═══ DATASET EXCERPT
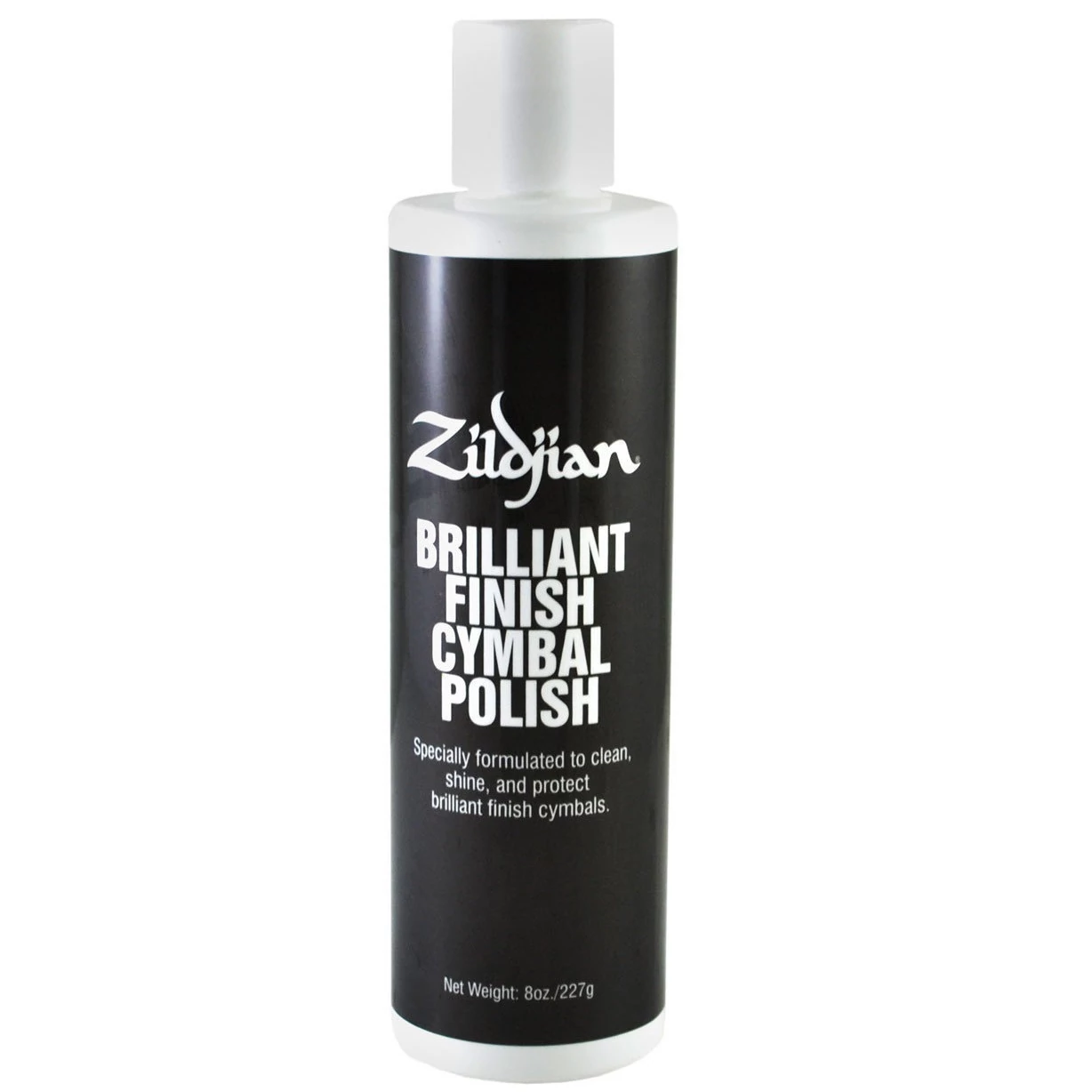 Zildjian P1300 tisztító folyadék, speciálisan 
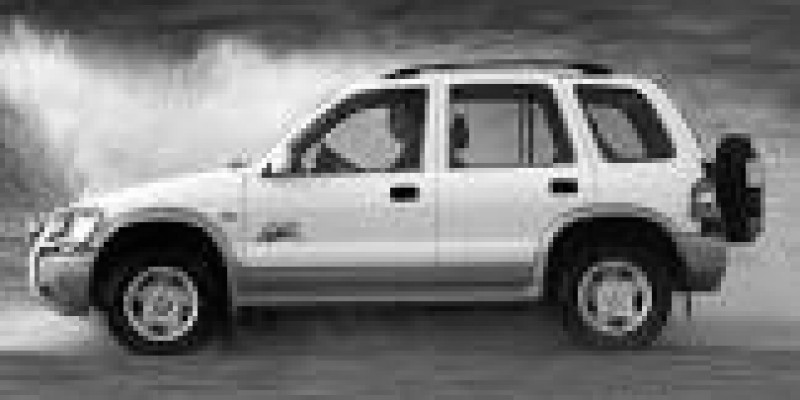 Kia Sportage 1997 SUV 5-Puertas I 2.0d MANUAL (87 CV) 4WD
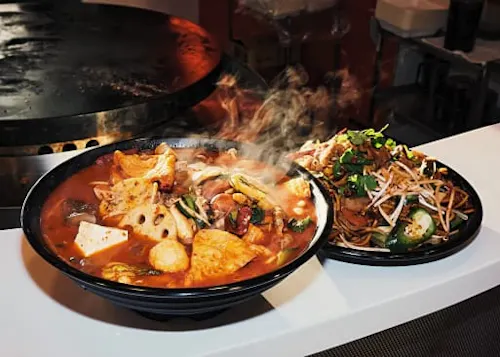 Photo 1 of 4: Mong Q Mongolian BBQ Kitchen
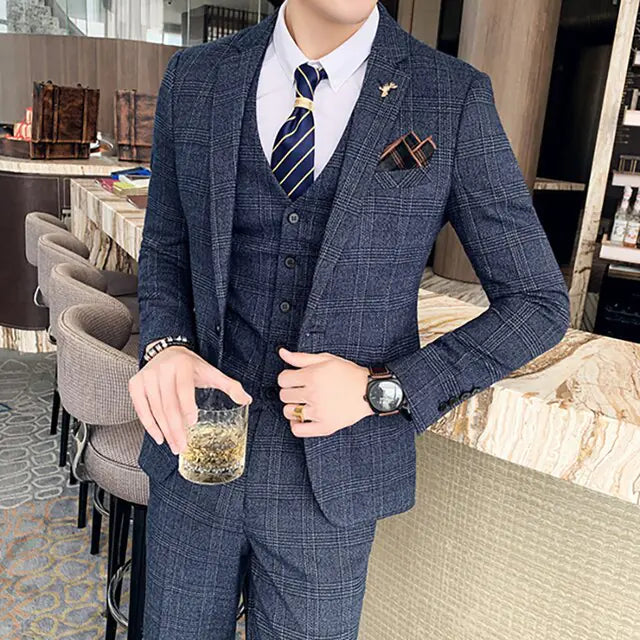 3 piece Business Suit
══════
• _TASK GOAL_: Output the full material exactly as given, without its pictures.

• _ANSWER SECTION_:
 Zildjian P1300 tisztító folyadék, speciálisan 
 Kia Sportage 1997 SUV 5-Puertas I 2.0d MANUAL (87 CV) 4WD
 Photo 1 of 4: Mong Q Mongolian BBQ Kitchen
 3 piece Business Suit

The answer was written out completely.